Hello, everyone. Welcome to “Korean Folktales.” In this weekly corner, we introduce you to interesting and instructive Korean folk stories. I’m Jinny Na.

How much do you think three eggs cost? Of course, prices vary from store to store. But a man in the following story seems to be calculating the price of eggs in a very unique, yet ridiculous way.

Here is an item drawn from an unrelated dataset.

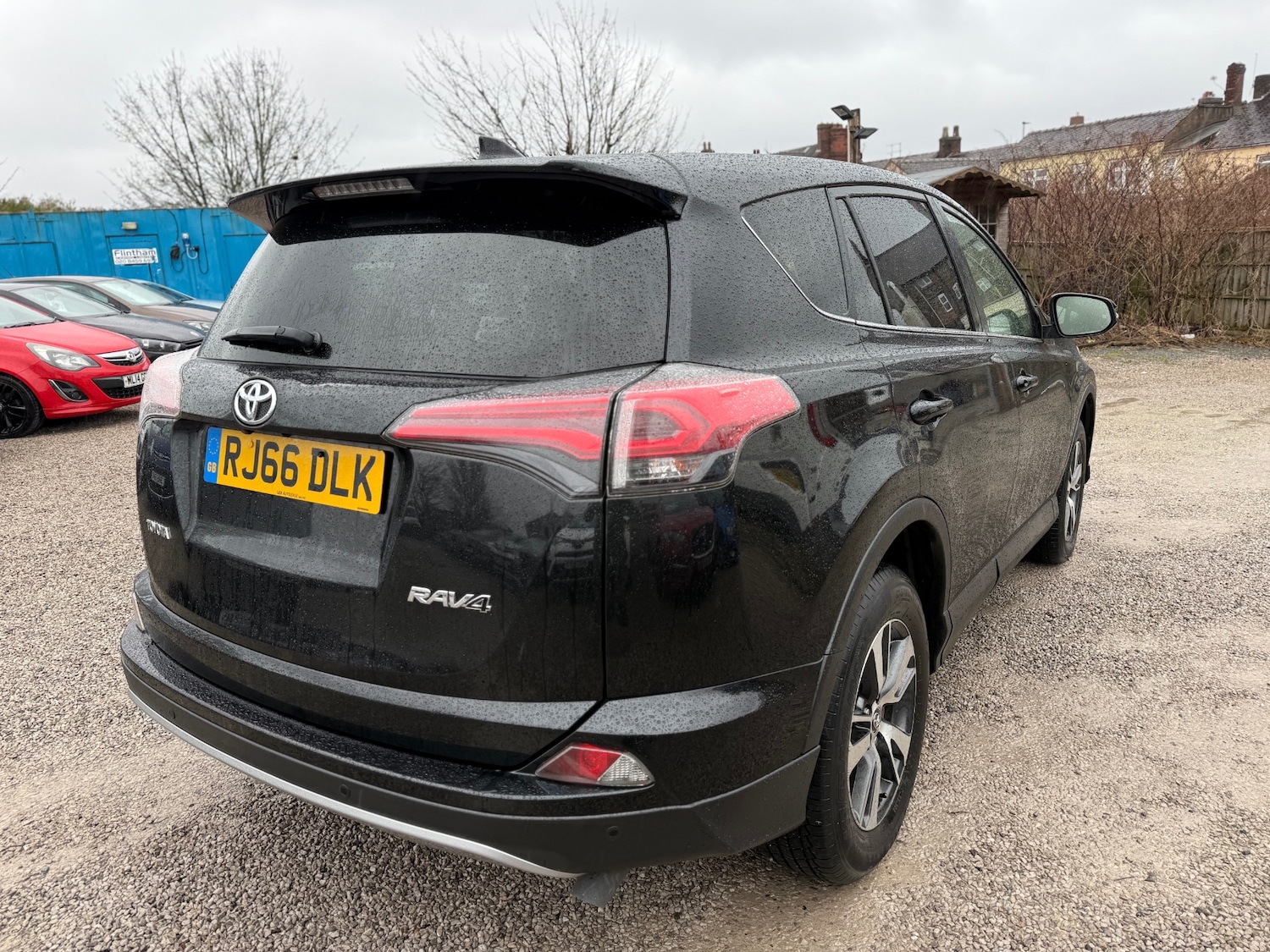 Used Toyota RAV4 2016 for sale - 77300692: Photo 3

Once upon a time, there lived a merchant who sold a variety of things, including vegetables, fruit and eggs, at the market. One day, as always, he opened his store and waited for customers to come. He saw a young man approaching the store. Looking at the eggs displayed on the stand, the customer hesitantly asked the merchant if he could buy twelve eggs on credit. He also said that he would pay the price later. The seller could tell the man was a poor guy just by looking at his shabby clothes and worn-out shoes. The vendor had no intention of doing him a favor. But he didn’t want to kick the first customer of the day out of his store cruelly, either. So he only gave three eggs, not twelve, to the young man and told him to go away. Although the amount was not exactly what he initially asked for, the poor man expressed his gratitude to the seller and disappeared. The merchant soon forgot about the man and the eggs.

Three years passed. The vendor was still selling things at the same market. One day, a well-dressed man came to the merchant and gave him a pouch filled with coins. “Sir, I’m here to pay the price of the three eggs you gave me three years ago. I’d like to say thank you again.” The egg seller stared at the man and recalled the poor young guy he had met years ago. To his surprise, the young man appeared to be very wealthy. The merchant imagined that the man had succeeded in his business and became rich. He opened the pouch and found a lot of coins, which were definitely worth far more than three eggs.

But he gave the pouch back to the man. “This is nonsense. How much do you think the eggs cost? Let me explain. Three chicks would have hatched from the three eggs and grew into three chickens. They would have laid eggs of their own. If we assume one chicken lays an egg every day, there would have been 365 eggs a year. The eggs would have become chicks again. In this way, think of how many eggs and chickens I could have had for the last three years?” The calculation itself was unreasonable, but the egg seller was obviously trying to get more money from the rich man. The customer said with a smile, “You’re right, sir. But chickens don’t grow naturally without eating. You would have fed them over the years too. I don’t think I have to pay the cost of the feed.”

The egg seller thought it made some sense. So, he began to calculate again, this time, by deducting the cost of feed. “OK, then, let’s start with one chicken eating a handful of feed a day. That would cost hmmm…” He was so focused on the difficult and complicated assessment that he didn’t even realize that the man had left. Before long, the merchant felt something was wrong. He looked around and discovered that both the man and the pouch were gone. He could have received a lot more money for what he had actually sold, but he lost the chance after all. He bitterly regretted having been so greedy, but it was too late.